## HOW TO COMPLETE THIS TASK
All lines from the one containing "Venum Bokshandschoenen Streamline" to the end of the data below are to be returned exactly, both ends included, with nothing added.

Dataset records
# # # # #

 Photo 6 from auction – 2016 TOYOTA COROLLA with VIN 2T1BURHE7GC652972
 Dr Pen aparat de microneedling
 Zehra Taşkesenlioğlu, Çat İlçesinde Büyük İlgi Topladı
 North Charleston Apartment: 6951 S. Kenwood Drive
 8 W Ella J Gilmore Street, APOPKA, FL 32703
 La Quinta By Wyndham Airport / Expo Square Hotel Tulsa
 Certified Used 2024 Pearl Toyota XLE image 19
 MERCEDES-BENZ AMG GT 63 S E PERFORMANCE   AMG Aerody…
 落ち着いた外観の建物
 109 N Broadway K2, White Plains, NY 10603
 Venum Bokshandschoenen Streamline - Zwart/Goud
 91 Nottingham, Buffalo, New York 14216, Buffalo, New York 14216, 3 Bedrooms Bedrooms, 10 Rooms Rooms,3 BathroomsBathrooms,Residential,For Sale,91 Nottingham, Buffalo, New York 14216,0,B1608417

# # # # #

## ANSWER BOX
 Venum Bokshandschoenen Streamline - Zwart/Goud
 91 Nottingham, Buffalo, New York 14216, Buffalo, New York 14216, 3 Bedrooms Bedrooms, 10 Rooms Rooms,3 BathroomsBathrooms,Residential,For Sale,91 Nottingham, Buffalo, New York 14216,0,B1608417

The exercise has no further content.